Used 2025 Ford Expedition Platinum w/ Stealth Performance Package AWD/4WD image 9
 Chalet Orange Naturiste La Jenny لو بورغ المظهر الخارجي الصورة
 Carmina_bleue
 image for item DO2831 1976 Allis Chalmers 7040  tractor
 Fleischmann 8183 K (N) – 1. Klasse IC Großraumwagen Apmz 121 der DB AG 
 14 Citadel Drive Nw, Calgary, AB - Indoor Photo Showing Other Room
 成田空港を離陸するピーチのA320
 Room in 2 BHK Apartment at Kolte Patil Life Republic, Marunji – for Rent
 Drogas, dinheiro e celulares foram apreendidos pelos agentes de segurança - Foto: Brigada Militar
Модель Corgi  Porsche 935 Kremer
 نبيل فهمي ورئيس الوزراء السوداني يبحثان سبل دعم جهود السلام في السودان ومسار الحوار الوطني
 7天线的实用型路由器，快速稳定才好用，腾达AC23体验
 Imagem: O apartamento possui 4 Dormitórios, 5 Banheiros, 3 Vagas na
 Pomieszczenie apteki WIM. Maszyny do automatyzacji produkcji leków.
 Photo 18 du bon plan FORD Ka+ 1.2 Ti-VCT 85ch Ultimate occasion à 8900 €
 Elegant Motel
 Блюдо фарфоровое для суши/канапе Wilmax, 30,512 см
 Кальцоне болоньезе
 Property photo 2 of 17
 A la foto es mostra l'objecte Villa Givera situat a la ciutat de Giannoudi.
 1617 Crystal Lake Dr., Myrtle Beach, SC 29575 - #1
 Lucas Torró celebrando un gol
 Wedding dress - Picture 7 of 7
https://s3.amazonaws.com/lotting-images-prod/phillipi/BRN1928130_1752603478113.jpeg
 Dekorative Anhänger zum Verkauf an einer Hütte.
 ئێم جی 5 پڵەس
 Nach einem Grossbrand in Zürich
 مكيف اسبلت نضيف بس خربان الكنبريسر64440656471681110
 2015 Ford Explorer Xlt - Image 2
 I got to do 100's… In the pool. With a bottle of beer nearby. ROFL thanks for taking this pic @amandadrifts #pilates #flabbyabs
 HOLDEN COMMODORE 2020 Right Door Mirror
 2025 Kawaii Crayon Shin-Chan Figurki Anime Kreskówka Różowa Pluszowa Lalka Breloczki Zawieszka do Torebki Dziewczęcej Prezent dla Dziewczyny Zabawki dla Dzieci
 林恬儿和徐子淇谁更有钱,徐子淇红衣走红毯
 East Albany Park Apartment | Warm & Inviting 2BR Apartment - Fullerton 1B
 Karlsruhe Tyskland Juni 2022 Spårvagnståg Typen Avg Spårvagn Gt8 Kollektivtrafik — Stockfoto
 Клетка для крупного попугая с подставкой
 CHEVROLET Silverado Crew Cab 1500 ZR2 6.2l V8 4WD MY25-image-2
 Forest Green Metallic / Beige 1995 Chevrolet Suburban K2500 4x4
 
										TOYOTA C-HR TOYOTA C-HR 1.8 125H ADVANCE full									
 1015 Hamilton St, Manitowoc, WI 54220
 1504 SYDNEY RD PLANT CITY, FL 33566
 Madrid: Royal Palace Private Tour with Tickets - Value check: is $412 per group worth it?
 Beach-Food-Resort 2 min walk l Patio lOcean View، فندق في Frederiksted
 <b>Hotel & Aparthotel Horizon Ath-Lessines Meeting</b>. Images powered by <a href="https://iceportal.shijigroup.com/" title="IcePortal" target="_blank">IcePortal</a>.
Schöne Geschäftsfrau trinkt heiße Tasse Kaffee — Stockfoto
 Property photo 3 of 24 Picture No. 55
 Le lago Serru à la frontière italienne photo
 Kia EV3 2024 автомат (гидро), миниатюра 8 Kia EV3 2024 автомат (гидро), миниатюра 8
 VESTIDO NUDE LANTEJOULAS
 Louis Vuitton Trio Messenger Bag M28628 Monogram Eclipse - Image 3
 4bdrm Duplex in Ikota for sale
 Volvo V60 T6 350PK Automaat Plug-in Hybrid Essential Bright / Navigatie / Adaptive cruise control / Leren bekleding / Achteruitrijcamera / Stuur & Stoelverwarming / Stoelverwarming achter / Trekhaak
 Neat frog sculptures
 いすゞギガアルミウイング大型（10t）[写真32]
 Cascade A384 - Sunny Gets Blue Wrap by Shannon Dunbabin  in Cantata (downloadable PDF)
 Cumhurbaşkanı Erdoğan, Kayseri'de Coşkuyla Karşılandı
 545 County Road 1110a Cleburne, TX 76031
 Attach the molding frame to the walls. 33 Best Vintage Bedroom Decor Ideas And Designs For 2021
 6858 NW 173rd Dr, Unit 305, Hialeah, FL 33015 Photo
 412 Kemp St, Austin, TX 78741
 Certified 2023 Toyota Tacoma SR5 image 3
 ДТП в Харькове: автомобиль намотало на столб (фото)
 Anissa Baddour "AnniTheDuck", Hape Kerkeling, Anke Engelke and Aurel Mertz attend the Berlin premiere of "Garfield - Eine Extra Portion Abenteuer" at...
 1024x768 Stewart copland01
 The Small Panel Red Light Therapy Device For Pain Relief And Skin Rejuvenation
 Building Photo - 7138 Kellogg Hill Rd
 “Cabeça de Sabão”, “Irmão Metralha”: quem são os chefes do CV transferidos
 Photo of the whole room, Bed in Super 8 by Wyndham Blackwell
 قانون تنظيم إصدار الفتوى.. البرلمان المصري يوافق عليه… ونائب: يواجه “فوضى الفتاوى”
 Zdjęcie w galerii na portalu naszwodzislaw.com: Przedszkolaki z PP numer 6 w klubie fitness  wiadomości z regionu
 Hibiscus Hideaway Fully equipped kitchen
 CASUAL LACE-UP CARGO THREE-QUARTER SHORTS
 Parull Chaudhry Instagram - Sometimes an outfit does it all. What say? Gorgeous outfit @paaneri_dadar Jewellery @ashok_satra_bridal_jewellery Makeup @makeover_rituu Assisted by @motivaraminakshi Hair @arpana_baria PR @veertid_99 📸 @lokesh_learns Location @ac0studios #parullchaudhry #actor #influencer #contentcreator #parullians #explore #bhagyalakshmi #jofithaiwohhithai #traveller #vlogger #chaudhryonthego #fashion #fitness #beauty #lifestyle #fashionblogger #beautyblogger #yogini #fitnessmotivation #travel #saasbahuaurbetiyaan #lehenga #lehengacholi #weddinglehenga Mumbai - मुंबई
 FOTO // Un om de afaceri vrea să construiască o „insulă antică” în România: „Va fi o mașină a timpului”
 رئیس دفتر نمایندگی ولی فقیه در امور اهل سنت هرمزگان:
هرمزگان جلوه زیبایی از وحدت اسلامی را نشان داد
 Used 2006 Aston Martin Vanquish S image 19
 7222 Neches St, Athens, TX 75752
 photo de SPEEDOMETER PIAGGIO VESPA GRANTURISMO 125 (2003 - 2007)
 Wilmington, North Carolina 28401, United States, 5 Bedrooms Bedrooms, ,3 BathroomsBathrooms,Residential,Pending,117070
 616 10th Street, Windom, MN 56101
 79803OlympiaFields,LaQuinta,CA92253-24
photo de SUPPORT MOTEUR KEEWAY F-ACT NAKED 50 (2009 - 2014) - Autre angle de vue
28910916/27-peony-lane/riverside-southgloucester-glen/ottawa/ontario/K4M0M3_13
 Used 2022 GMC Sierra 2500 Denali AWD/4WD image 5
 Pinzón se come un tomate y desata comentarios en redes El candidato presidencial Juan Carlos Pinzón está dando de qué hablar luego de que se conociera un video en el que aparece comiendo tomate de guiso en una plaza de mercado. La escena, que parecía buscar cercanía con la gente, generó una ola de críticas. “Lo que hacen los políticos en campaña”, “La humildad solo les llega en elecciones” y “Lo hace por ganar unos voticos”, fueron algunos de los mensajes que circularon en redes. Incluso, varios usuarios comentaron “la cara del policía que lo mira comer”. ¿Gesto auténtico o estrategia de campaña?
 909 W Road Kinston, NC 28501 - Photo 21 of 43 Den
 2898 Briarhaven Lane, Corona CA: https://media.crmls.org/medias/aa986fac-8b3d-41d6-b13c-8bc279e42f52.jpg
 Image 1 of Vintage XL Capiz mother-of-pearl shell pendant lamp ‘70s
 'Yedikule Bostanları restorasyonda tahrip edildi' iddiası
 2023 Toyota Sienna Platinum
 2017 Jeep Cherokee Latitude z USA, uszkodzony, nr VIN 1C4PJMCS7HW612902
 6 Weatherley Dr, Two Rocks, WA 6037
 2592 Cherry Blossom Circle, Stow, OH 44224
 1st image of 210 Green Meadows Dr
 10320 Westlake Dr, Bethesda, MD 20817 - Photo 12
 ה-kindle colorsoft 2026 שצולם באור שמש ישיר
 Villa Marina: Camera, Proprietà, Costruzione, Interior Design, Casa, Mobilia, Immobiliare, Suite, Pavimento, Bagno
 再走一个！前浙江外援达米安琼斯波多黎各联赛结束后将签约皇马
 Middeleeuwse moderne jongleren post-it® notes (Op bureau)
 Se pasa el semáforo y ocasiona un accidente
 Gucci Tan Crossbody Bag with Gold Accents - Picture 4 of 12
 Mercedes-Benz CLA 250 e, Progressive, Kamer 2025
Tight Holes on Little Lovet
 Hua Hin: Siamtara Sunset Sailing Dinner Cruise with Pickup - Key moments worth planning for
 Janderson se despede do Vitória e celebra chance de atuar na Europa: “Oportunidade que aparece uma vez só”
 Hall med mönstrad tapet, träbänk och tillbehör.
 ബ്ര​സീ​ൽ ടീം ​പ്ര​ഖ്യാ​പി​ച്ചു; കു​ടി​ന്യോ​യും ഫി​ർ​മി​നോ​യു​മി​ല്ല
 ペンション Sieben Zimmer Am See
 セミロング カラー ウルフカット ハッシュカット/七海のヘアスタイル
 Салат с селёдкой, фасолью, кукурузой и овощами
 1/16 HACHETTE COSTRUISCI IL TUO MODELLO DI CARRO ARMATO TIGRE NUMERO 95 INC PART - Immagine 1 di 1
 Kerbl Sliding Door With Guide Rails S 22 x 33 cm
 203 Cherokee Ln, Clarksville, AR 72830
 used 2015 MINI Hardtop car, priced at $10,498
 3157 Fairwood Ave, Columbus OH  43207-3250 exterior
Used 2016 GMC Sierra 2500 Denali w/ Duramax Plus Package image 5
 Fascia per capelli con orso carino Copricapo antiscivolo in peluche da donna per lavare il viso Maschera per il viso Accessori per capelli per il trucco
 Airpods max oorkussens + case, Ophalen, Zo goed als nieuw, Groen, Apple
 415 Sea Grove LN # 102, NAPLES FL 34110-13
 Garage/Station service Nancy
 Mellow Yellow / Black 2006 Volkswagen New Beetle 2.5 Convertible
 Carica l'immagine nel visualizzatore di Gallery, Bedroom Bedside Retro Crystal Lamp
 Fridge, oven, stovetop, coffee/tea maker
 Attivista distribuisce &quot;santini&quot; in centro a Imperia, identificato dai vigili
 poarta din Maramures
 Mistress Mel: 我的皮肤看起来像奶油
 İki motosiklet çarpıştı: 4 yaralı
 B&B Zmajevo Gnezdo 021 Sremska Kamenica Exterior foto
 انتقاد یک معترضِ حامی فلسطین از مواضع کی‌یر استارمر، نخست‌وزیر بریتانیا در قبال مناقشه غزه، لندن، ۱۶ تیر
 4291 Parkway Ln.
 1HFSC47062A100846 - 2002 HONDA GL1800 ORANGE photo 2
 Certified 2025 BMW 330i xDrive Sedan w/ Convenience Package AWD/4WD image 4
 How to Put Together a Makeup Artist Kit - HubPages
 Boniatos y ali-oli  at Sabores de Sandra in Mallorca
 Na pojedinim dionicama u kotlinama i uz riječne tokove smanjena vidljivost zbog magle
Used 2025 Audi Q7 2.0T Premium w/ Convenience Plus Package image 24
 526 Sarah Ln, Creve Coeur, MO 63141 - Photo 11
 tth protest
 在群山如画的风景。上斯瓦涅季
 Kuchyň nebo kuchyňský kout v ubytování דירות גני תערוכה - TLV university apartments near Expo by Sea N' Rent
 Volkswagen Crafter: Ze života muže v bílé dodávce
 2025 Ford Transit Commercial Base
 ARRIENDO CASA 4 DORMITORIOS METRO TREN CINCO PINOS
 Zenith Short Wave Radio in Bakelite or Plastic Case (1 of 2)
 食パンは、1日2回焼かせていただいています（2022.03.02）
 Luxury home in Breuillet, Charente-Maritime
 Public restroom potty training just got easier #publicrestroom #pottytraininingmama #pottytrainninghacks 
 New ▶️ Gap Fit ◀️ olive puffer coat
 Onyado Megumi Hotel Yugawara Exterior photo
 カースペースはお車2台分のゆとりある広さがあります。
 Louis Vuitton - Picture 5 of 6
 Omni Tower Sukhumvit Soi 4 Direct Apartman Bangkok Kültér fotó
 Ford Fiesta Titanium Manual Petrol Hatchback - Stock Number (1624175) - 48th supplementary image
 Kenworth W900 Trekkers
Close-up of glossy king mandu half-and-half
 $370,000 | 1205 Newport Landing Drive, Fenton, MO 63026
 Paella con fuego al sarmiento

- - - -

Above are the records. Copy the lines beginning at the one that has "Wedding dress - Picture 7 of 7" and ending with the one that has "2015 Ford Explorer Xlt - Image 2", unchanged.

The completed task:
 Wedding dress - Picture 7 of 7
https://s3.amazonaws.com/lotting-images-prod/phillipi/BRN1928130_1752603478113.jpeg
 Dekorative Anhänger zum Verkauf an einer Hütte.
 ئێم جی 5 پڵەس
 Nach einem Grossbrand in Zürich
 مكيف اسبلت نضيف بس خربان الكنبريسر64440656471681110
 2015 Ford Explorer Xlt - Image 2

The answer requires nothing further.